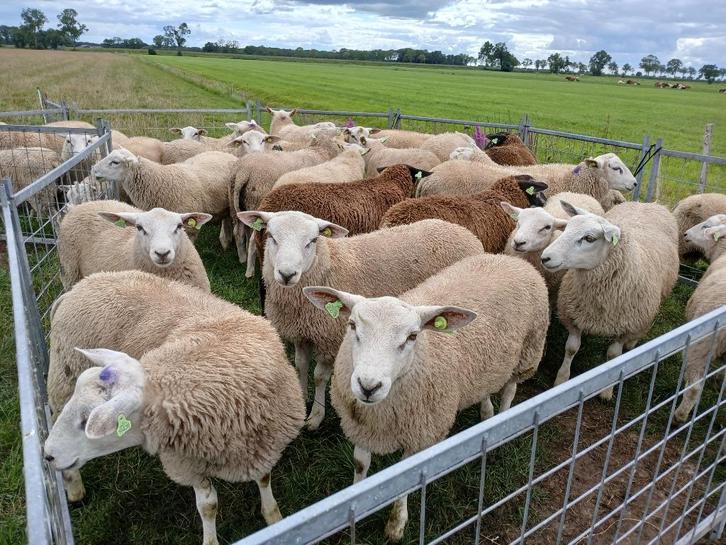 Swifter stamboek dekrammen, Dieren en Toebehoren, Schapen, Geiten en Varkens, Schaap, Mannelijk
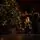 Snowdrop Christmas Tree 210 CM 100% Silicone With Lights - ნაძვის ხე 100 % სილიკონი, განათებით, 9 image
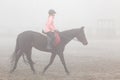 Girl riding horse on the field in the mist morning Royalty Free Stock Photo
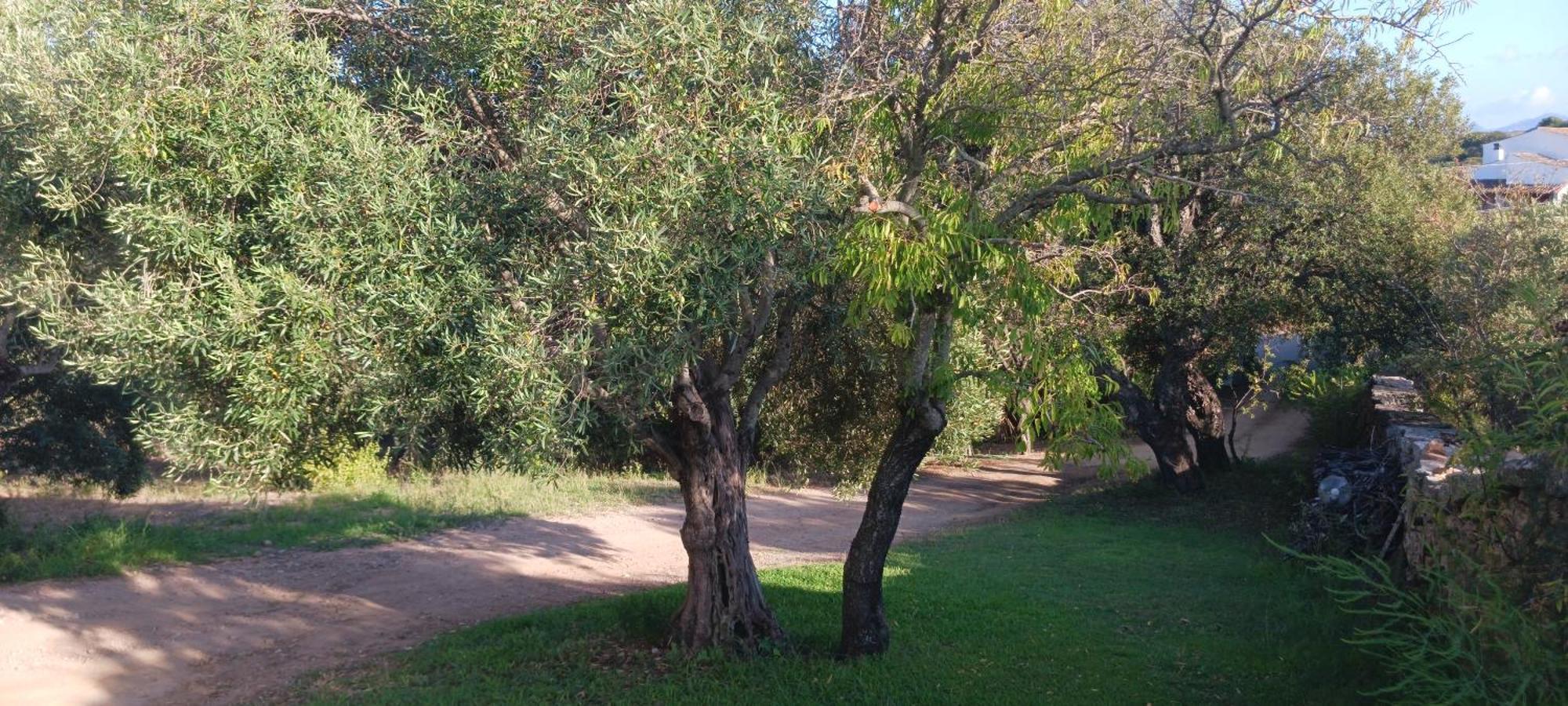 Casa Orecchioni Арцакена Экстерьер фото
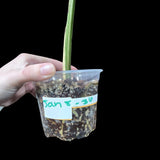 Variegated Monstera Albo Plant in a Nursery Pot - Highly Variegated Monstera ALBO Top Cut Potted - US SELLER Same Plant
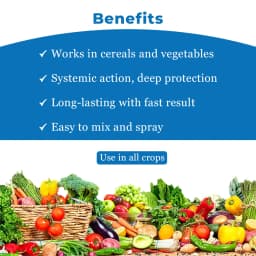 Coromandel Corostar Azoxystrobin 18.2% + Difenoconazole 11.4% Sc Contact and Systemic Fungicide 4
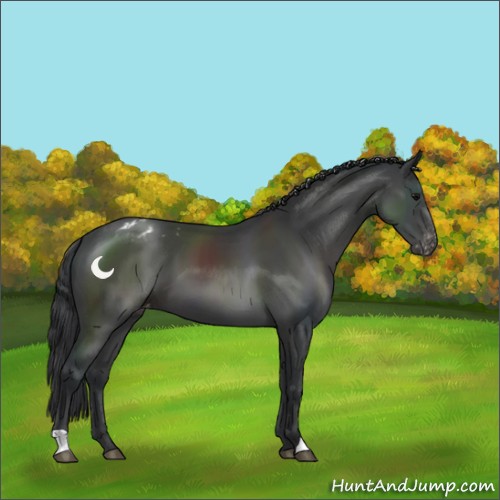 Horse Color:Black Appaloosa 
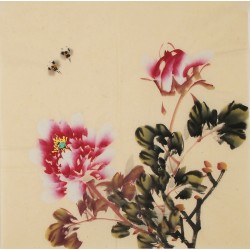 Peony - CNAG006329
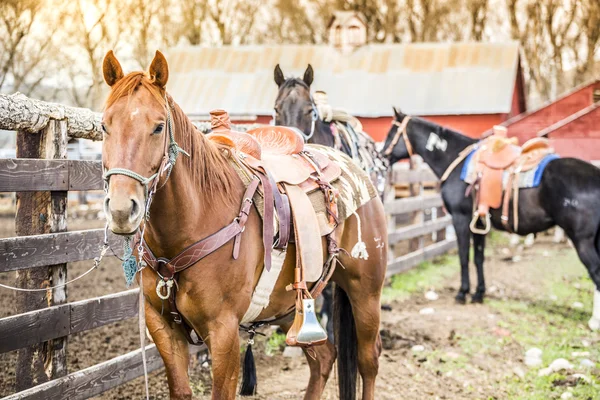 Hermoso caballo — Foto de Stock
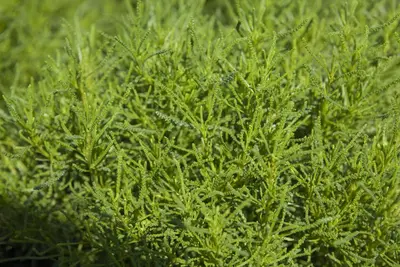 Santolina viridis 'Olivia' (Heiligenbloem 'Olivia') - afbeelding 2
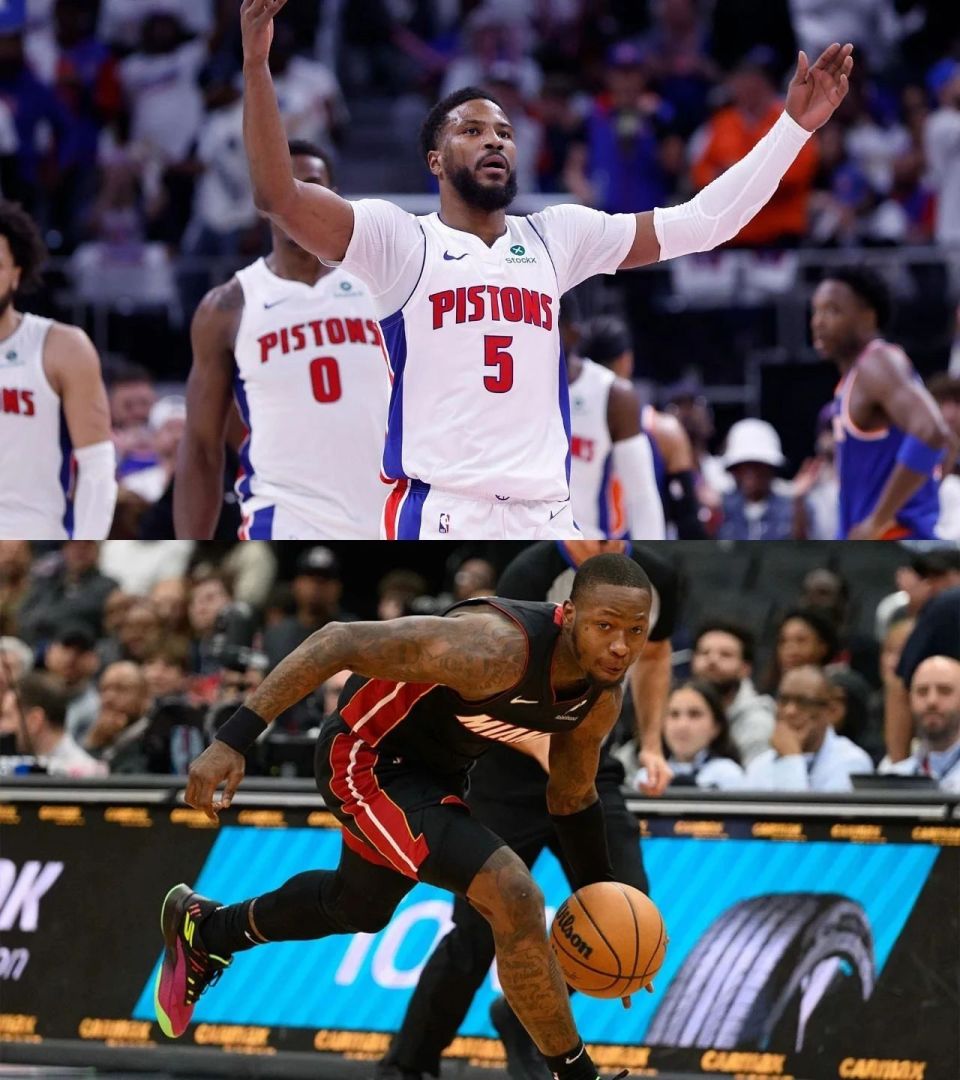 Rynog, 未来还会变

TASK ITEM = All pictures are to be skipped; the lines from the first line of the records through the line containing "Variegated Monstera Albo Plant" are to be repeated exactly, both ends included.

ANSWER TO THIS TASK =
 Swifter stamboek dekrammen, Dieren en Toebehoren, Schapen, Geiten en Varkens, Schaap, Mannelijk
 Snowdrop Christmas Tree 210 CM 100% Silicone With Lights - ნაძვის ხე 100 % სილიკონი, განათებით, 9 image
 Girl riding horse on the field in the mist morning Royalty Free Stock Photo
 Casa Orecchioni Арцакена Экстерьер фото
 Variegated Monstera Albo Plant in a Nursery Pot - Highly Variegated Monstera ALBO Top Cut Potted - US SELLER Same Plant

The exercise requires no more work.